Elements locating by link text and partial link text is also not
supported by Appium. Selendroid has very useful tool called
Selendroid Inspector which simplify UI
elements locating. Perhaps Android SDK has uiautomatorviewer, Selendroid Inspector is
more user-friendly.
Limitations
For recognizing UI elements, the Robotium is much more accurate
because it lets tests to click on elements by their resource ID
that provides a more accurate element identification. In addition
to ID, the elements can be recognized by the content. Uiautomator
has a general accessibility on labels, e.g. text, description… etc.
But if there are more elements with the same text, there is need to
add index for instance. And, if the UI changes dynamically, it
might be a big problem. As uiautomator actually lets a test to
click through device and text descriptions, such as “Settings”, can
cause issues as there are “Settings” and “Option settings”. For
this reason it is much harder to write an universal test in
uiautomator.
Basically, you can easily find every View which has defined
“contentDescription” attribute or
which extends TextView class. If you have custom View, which does
not extend TextView, it will be very hard to find it by test. Of
course, there is an option to find view by xpath, but it is not
trivial.
At a time when I was researching Appium I was not able to test
screen orientation change or connectivity change. Also I did not
find a way how to confirm AlertDialog in my tests. There were some
proposals to use javascript methods for this but it did not work
for me. Last thing which I was not able to test are auto-complete text suggestions. I
did not find how to select one of suggestions.
Limited support for gestures: If your app uses only simple
gestures, like tap, you could be fine. Appium allows you to write
javascript wrappers to support different gestures. But you will
probably spend a lot of time to write support for them.
Cloud Based Testing
Cloud testing is a form of software testing in which web
applications use cloud computing environments (a “cloud”) to
simulate real-world user traffic. It is interesting to me because
Appium is suitable to run tests in cloud.
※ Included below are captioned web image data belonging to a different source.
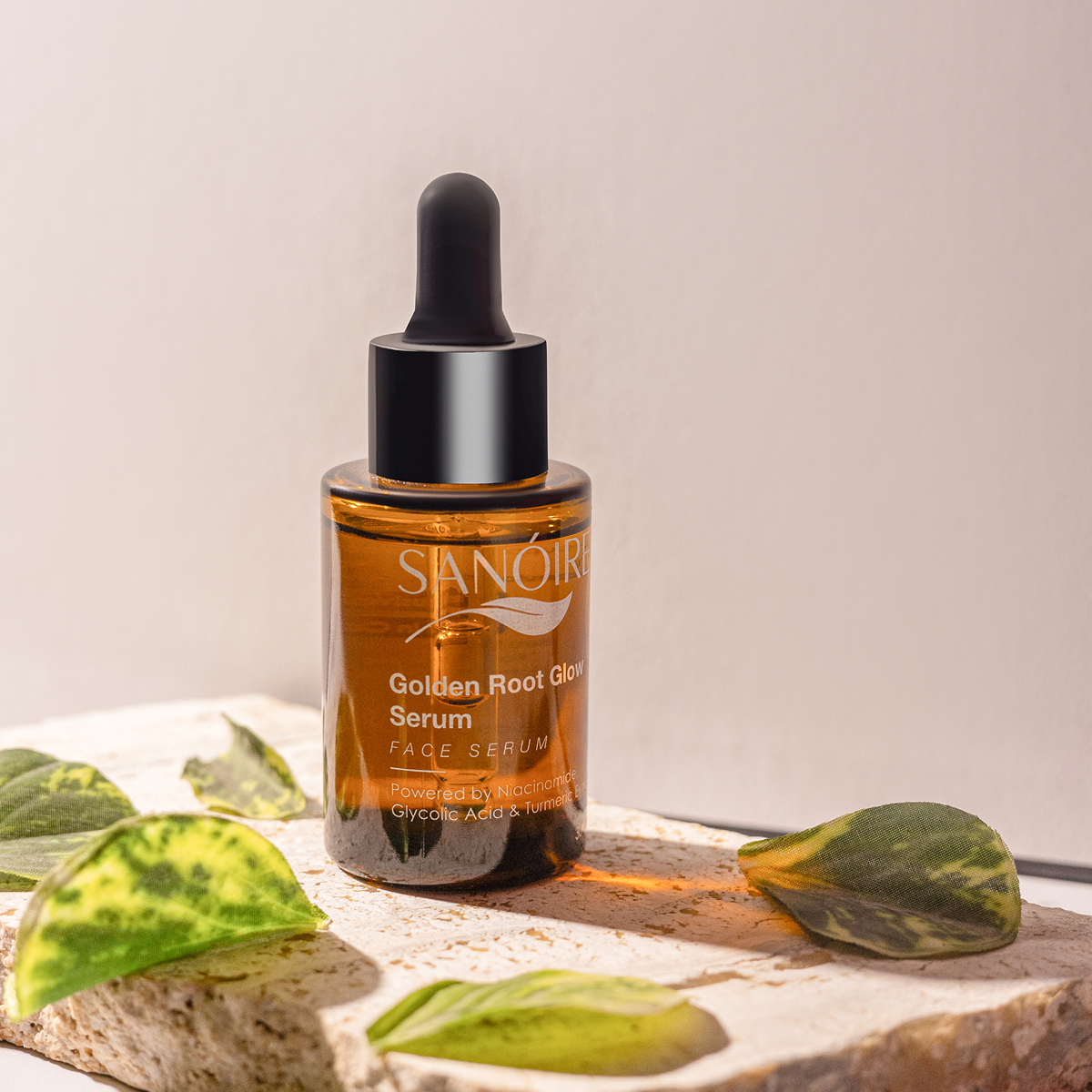 Golden Root Glow Serum dropper bottle displayed on stone with green leaves, skincare product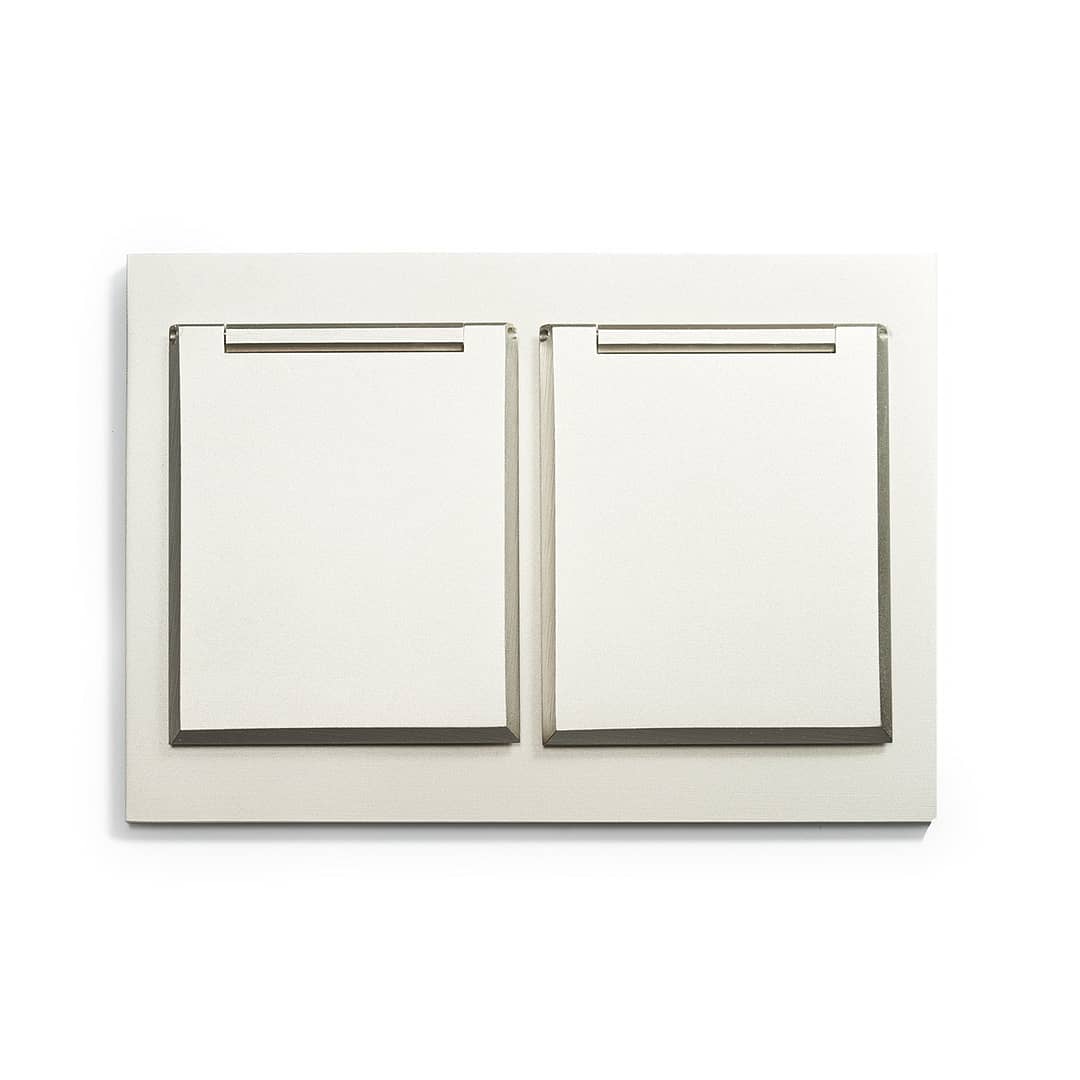 A white wall plate with two switches on it.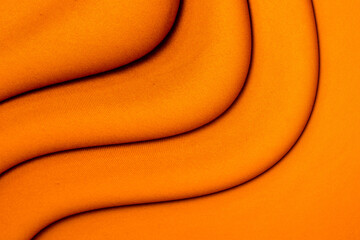 Wall Mural - Background of orange fabric. Creases on the fabric. Texture of cotton fabric.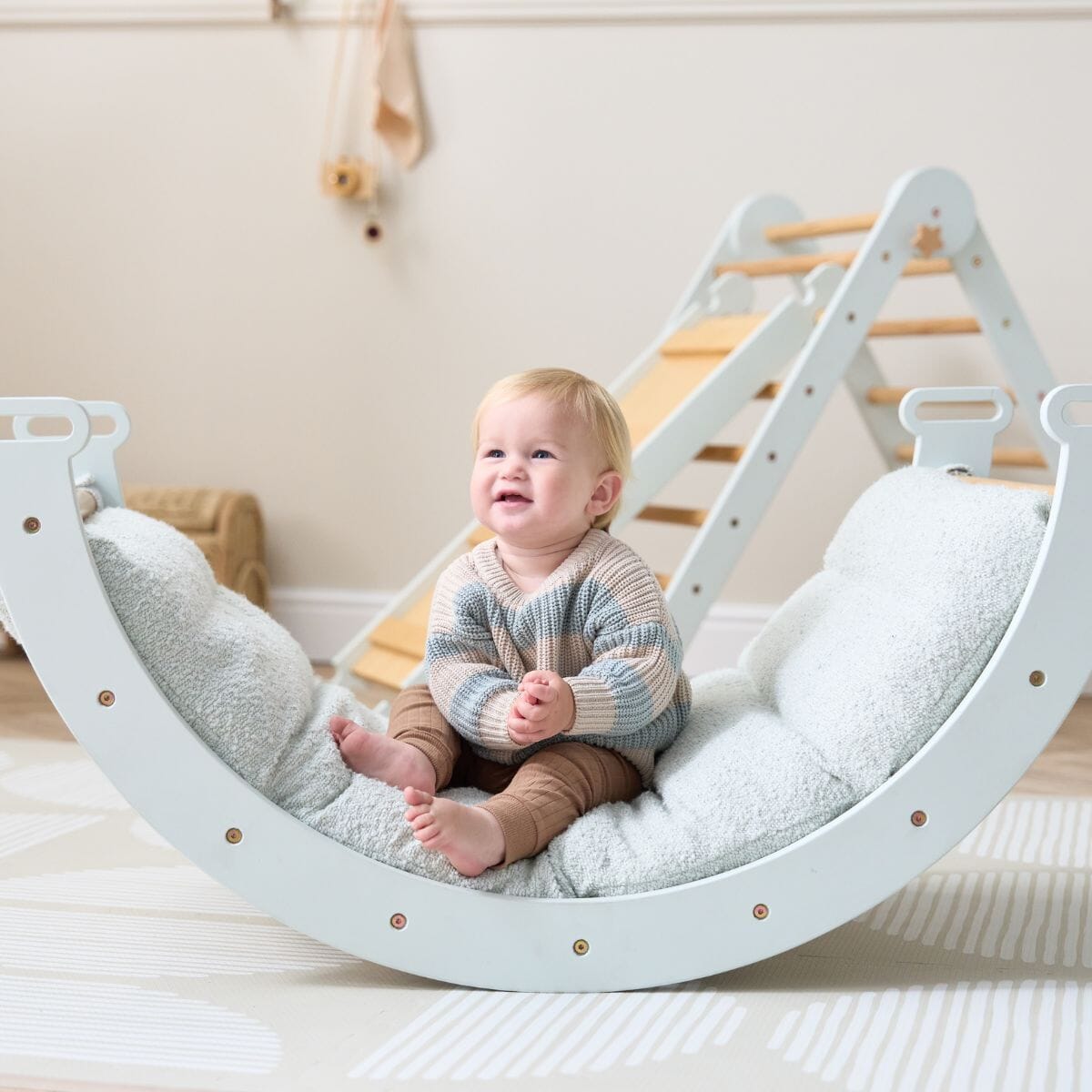 Toddler sitting on the Scala Pikler rocking frame with boucle sea mist cushion, styled in a calm nursery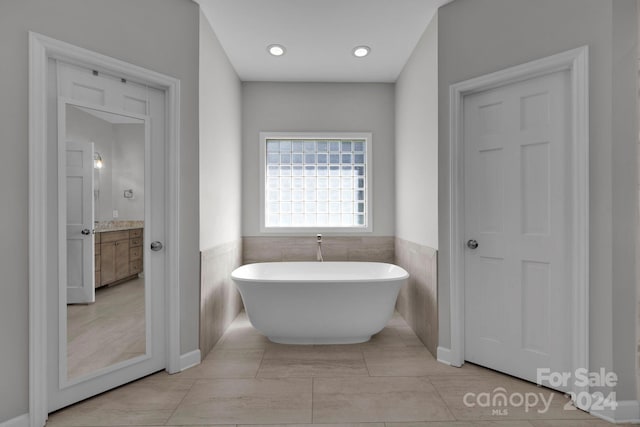 bathroom featuring vanity, a bathtub, tile patterned flooring, and tile walls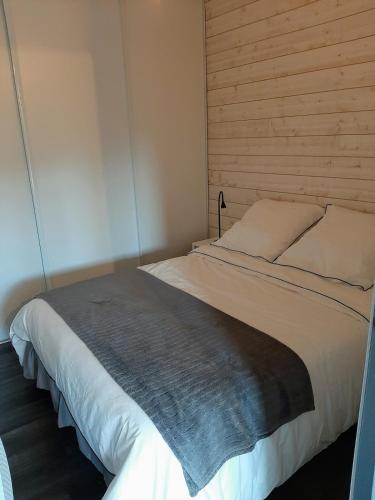 une chambre avec un grand lit avec une tête de lit en bois dans l'établissement Le Royal Parc - Appartement au calme au coeur de Bénodet, à Bénodet
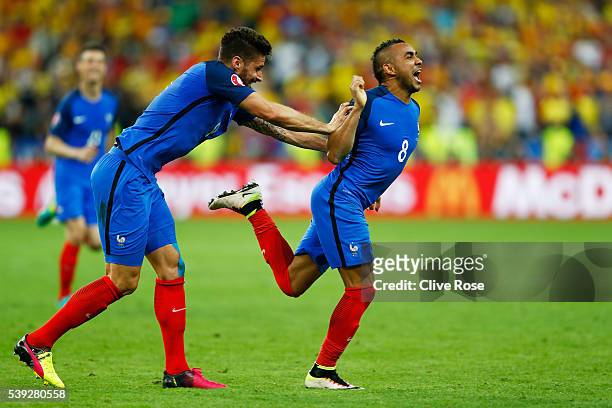 Dimitri Payet of France celebrates scoring his team's second goal during the UEFA Euro 2016 Group A match between France and Romania at Stade de...
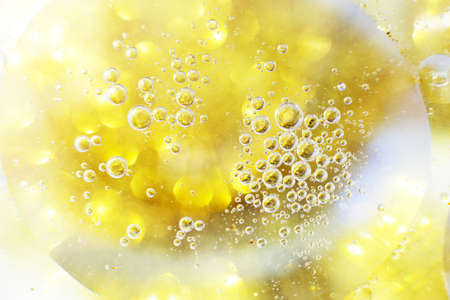 Gold Oil bubbles close up. a circles of water macro. abstract shiny light yellow backgroundの写真素材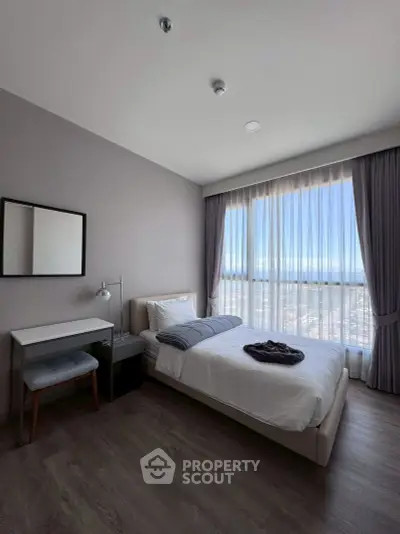 Modern bedroom with large window and stylish decor in high-rise apartment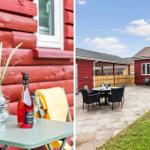 Red wooden house with patio and garden. Table with wine and grass stems.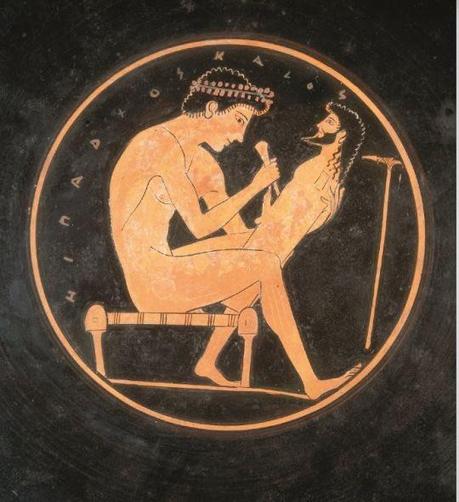 Red-figure kylix depicting a sculptor working on a herm, a simple sculpture of Hermes with a pillar for a body but an elaborate head and an erect phallus at the appropriate height.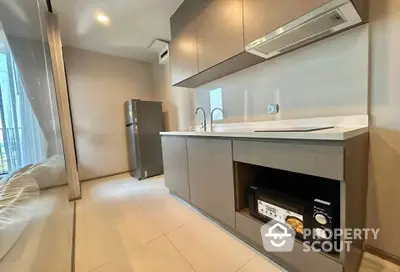 Modern kitchen with sleek cabinetry and built-in appliances in a stylish apartment.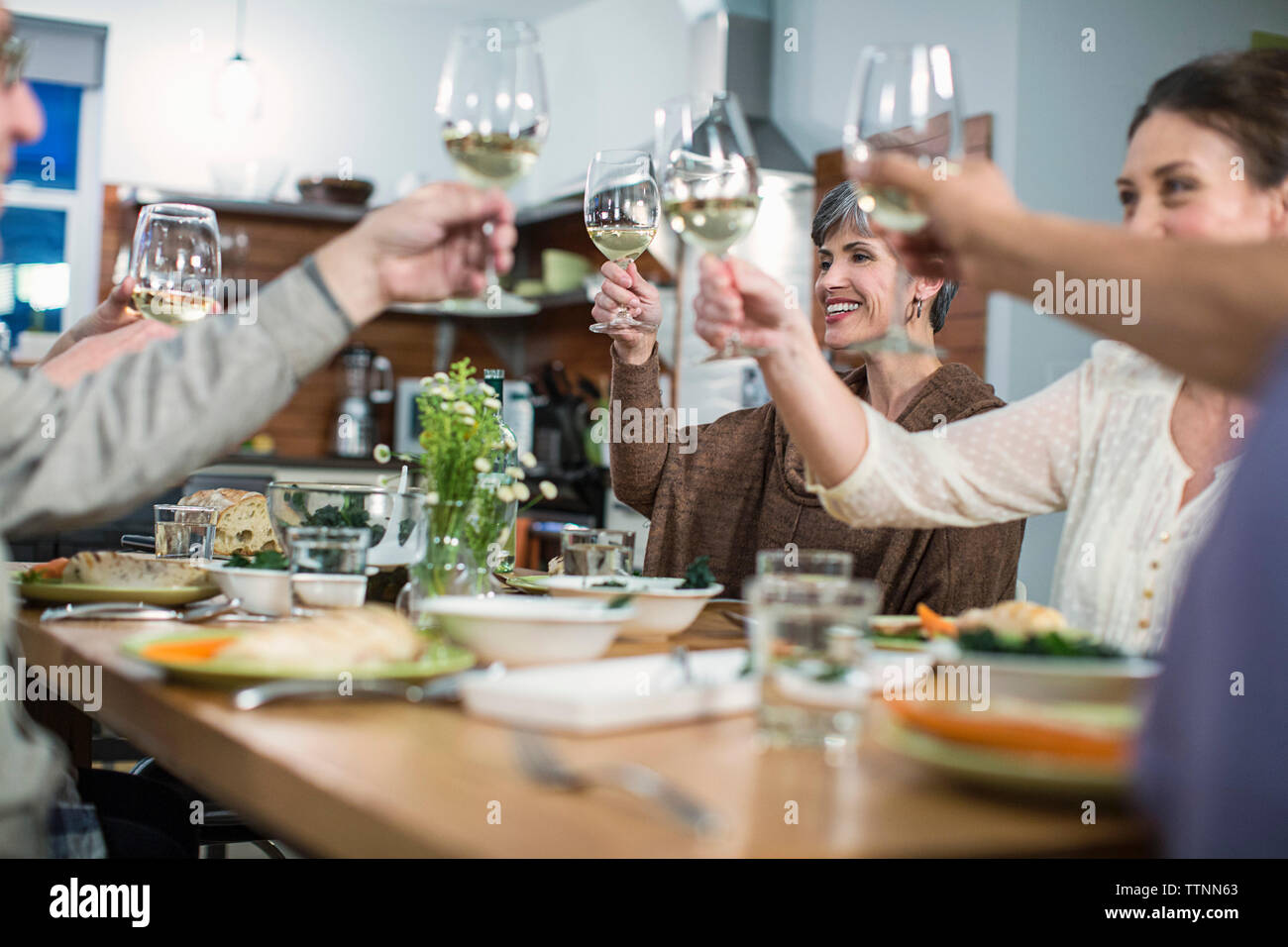 Happy amici vino di tostatura mentre è seduto al tavolo durante la riunione sociale Foto Stock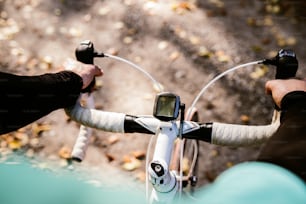 Sportivo irriconoscibile che guida la sua bicicletta all'aperto nella natura assolata di autunno, impostando il tachimetro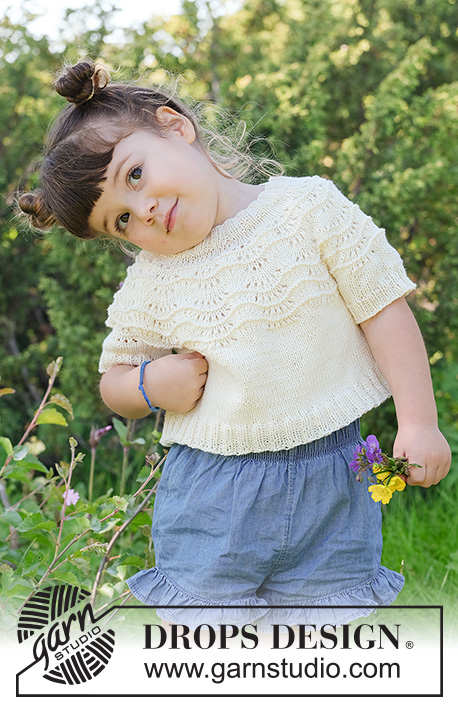 Marshmallow Morning / DROPS Children 49-1 - Stickad, kort tröja till barn i DROPS Safran eller DROPS BabyMerino. Arbetet stickas uppifrån och ner med runt ok och vågmönster. Storlek 2 – 12 år.
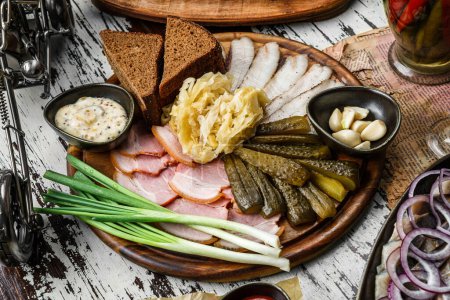 Photo for Sliced ham, bacon, lard, pickles, green onions, slices of rye bread on cutting board over rustic background. Appetizer for vodka, close up - Royalty Free Image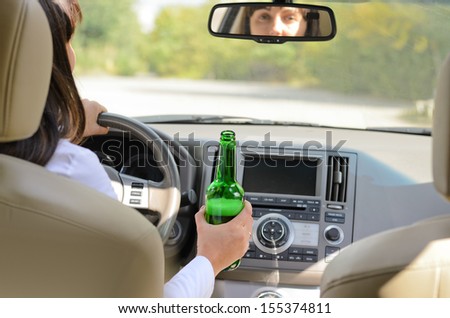 View inside a car from the back passenger seat of a woman driving holding a bottle of alcohol in one hand while steering
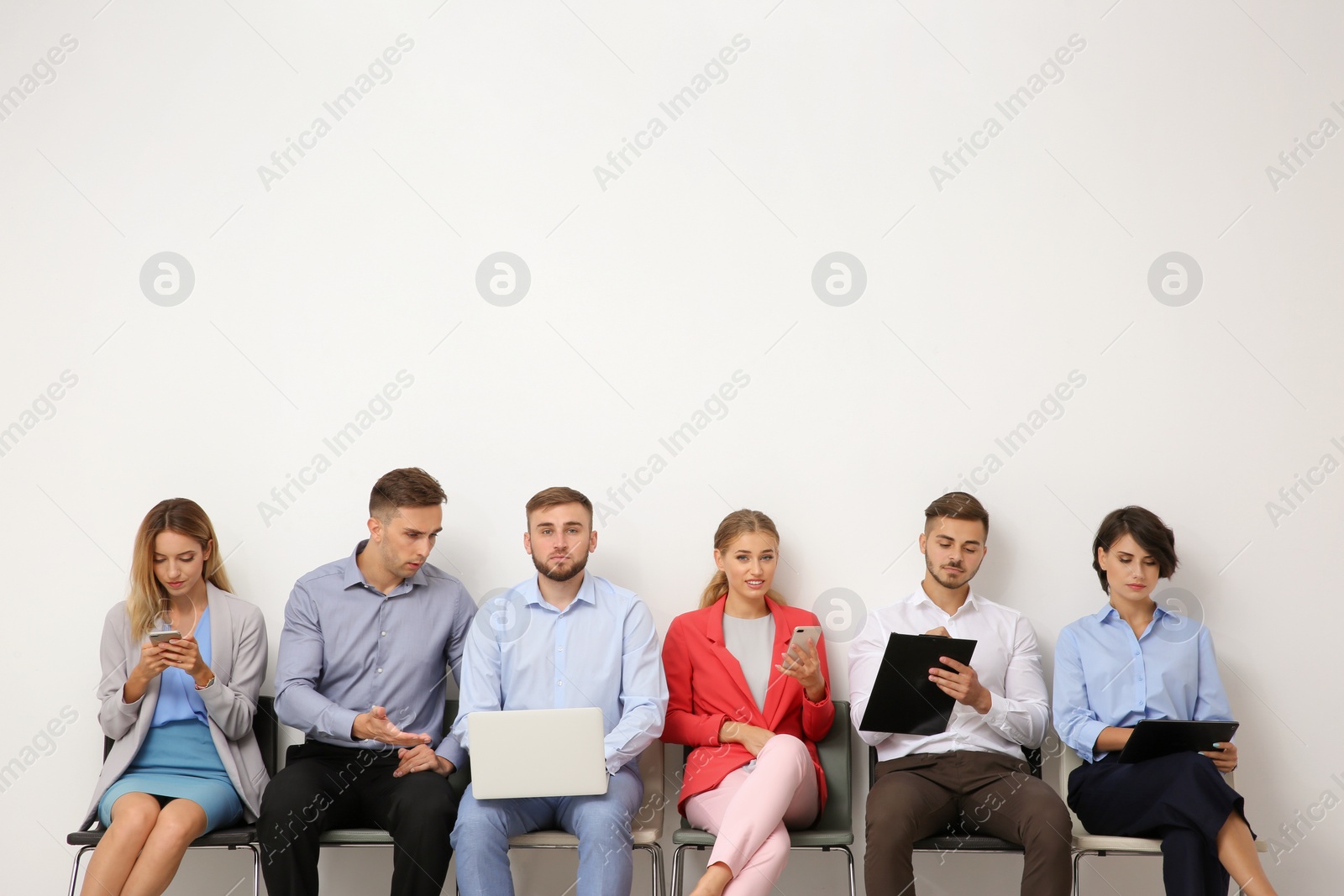 Photo of Group of young people waiting for job interview near light wall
For example, SauceLabs or
testdroid
provides services to run Appium tests on real devices or
simulators. Of course, you need to pay for this but it has a lot
advantages compared to tests run on local machine or jenkins.
Simulators in Cloud are much faster than emulators running
locally.
Conclusion
Appium is still young and I think that it need to grow more to
cover all testing requirements and I hope it will. I like idea,
especially that I can communicate with other apps on my phone while
running the test for certain app which is limitation of Robotium,
for example. Cloud Based Testing has a lot of advantages. For
example, our tests often fail on Jenkins because it runs tests on
emulators which are slow and unpredictable especially when you have
wait-for-view conditions in your tests.
There is more…
A week ago Appium 1.0 was released. New
version has a lot of improvements: a brand new set of Appium client
libraries, updated documentation and website, new Desired
Capabilities API, full XML/XPath support, more platforms
support.
Only a few days later Sauce Labs supported Appium 1.0 and expanded
list of supported cloud-based testing simulators to 60+ (at a time
when I was experimenting with Appium there were just 2 available
simulators for Android devices).
What to say for the end? Let’s try Appium 1.0!